Esiste da anni, si chiama home studio. Oggi, in questo periodo di emergenza coronavirus, può rappresentare la rivincita del mezzo radiofonico, che si riscopre, si reinventa e diventa empirico come ai tempi delle radio libere degli anni Settanta. La differenza sono le tecnologie, ormai a disposizione di chiunque.
Anni fa per effettuare un collegamento esterno in diretta servivano apparecchiature particolari, poi arrivò la linea ISDN, ma la vera svolta arrivò con le connessioni veloci via internet. Logica voleva però, soprattutto per le radio più importanti, sia nazionali che regionali, che ci fosse un luogo fisico, una sorta di “stazione principale” da cui si andava in onda. Mentre molti attrezzavano dei propri studi di registrazione casalinghi, anche buoni, per registrare i loro programmi, la mentalità era ancora quella che andare in onda dallo studio della radio fosse tutt’altra cosa.
Era diverso anche il clima: una volta serviva il contatto fra le persone, anzi era indispensabile per i nuovi, perché imparavano da chi faceva la radio da anni. Oggi la qualità radiofonica è purtroppo diventata qualcosa di più relativo, anche se esempi di professionalità esistono ancora in questo settore. Tra l’altro è ancora difficile far capire a qualche addetto ai lavori dei tempi passati, che oggi il conduttore radiofonico tranne rari casi non è assolutamente libero di andare in onda come vuole, e deve seguire rigidamente quanto deciso in termini di palinsesto. Magari deve dare la notizia indicata da altri autori, nel tempo previsto per quell’intervento, oppure limitarsi a riannunciare la canzone in scaletta che ha annunciato e riannunciato chissà quante volte…
Il coronavirus cambia per forza di cose questa logica: dalla radio, che a questo punto è un baluardo importante anche “stando a casa” e non solo per chi si muove in auto, si cercano le cose che la televisione non riesce a dare tutte insieme. La radio, agilmente, può: musica, intrattenimento, informazione.
I software di messa in onda consentono i collegamenti in diretta da fonte remota, che a questo punto può essere anche la propria abitazione privata, purché si abbia un discreto microfono adatto allo scopo, una connessione internet che sia buona e ovviamente un luogo abbastanza insonorizzato per non sembrare di parlare… dal bagno di casa, come si diceva sempre scherzando quando il riverbero era eccessivo.

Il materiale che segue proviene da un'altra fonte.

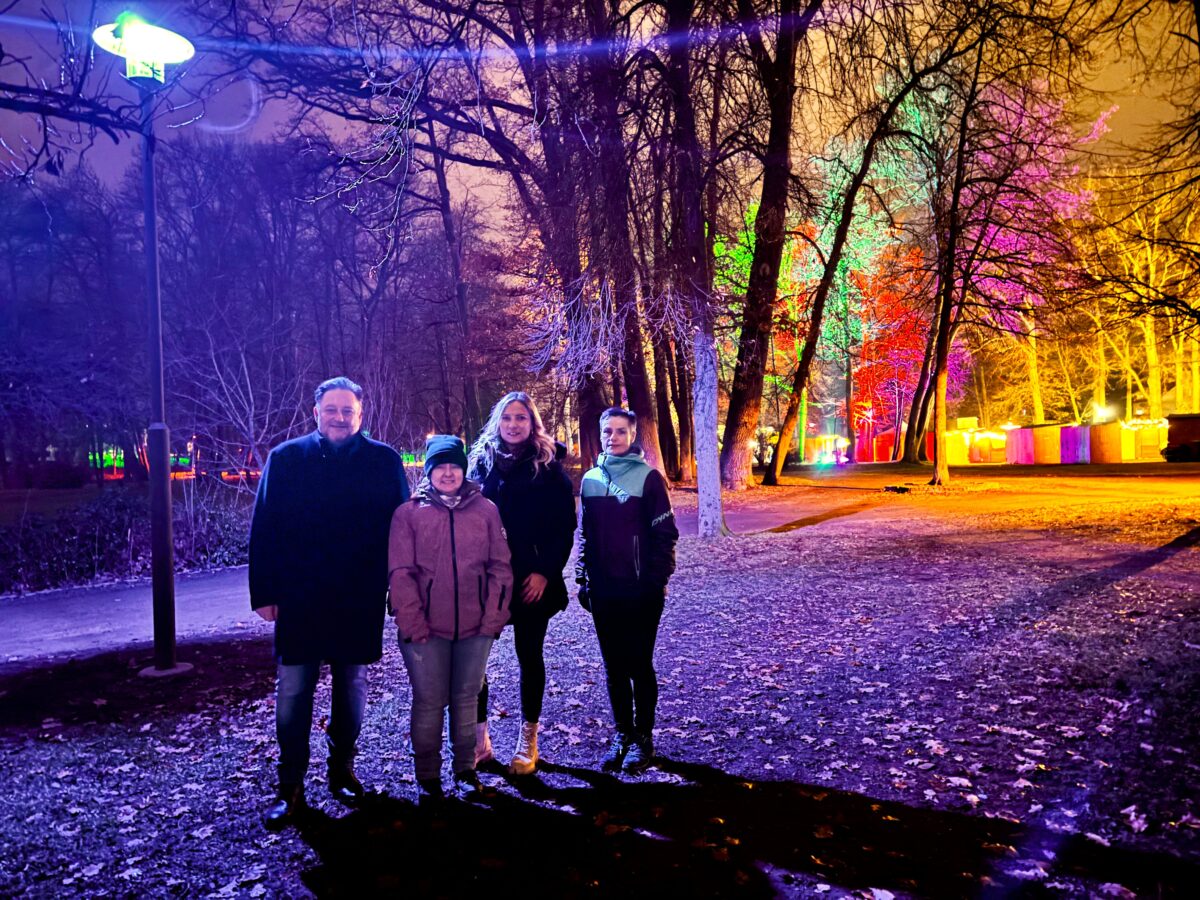 Neue Stadtparkbeleuchtung in Teublitz in Betrieb genommen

I più appassionati sono già attrezzati con una buona catena – audio, che avete capito? – con tanto di microfono, mixer, computer dotato di scheda audio professionale, e a quel punto davvero è poca la differenza anche se si trasmette in diretta da remoto. Volendo, con quel tipo di situazione si può realizzare l’intera trasmissione senza muoversi di casa.
Questo, in realtà, è possibile da anni. Le webradio spesso nascono proprio a casa di chi le ha fondate, risolvendo il problema di trovare uno spazio, un appartamento, adattarlo allo scopo e ovviamente spendere dei soldi per un’operazione che quasi sempre non ha ritorno economico.

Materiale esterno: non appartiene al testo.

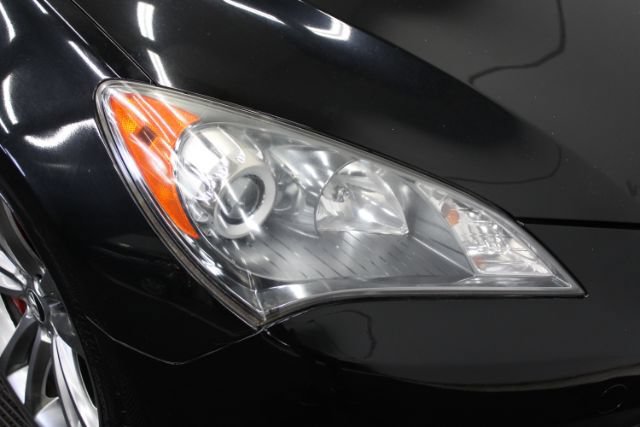 Used 2011 Hyundai Genesis 3.8 RWD image 24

Ora, con l’emergenza del coronavirus, anche le radio principali, comprese quelle che aborrivano l’home studio ma non le esterne dai locali da ballo, improvvisamente scoprono questa possibilità di andare in onda come la panacea di tutti i mali. E – azzardiamo – magari penseranno più spesso di utilizzarla anche quando tutta l’emergenza sarà finita.

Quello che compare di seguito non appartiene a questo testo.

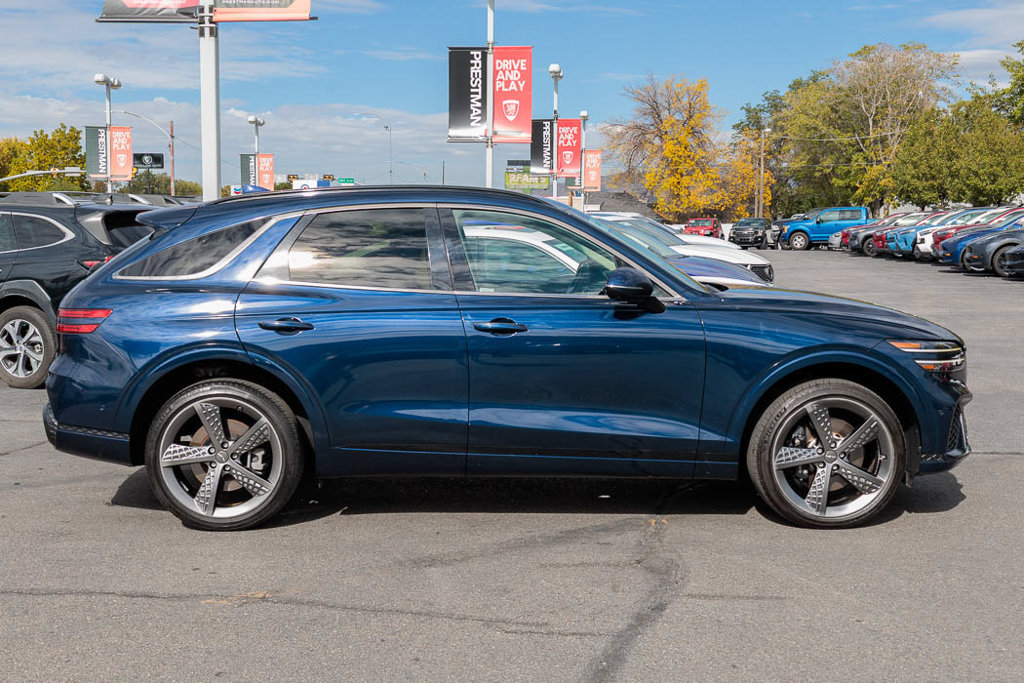 Used 2022 Genesis GV70 3.5T Sport w/ Sport Prestige Package AWD/4WD image 19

Non sappiamo quale sarà il futuro della radio: sappiamo che, come mezzo “smart”, oggi si dice così ma in realtà lo era anche prima che esistesse questa definizione, adesso è tornata al centro dell’attenzione. E vi garantisco, facendolo ormai da anni e ora per Radio7, che anche da casa si possono fare ottima radio e ottime dirette, anche di carattere giornalistico. I mezzi ci sono, anche a prezzi economici: la qualità parte tutta dalla nostra testa… alla fine, più degli strumenti, contano le persone. Sempre, in ogni campo.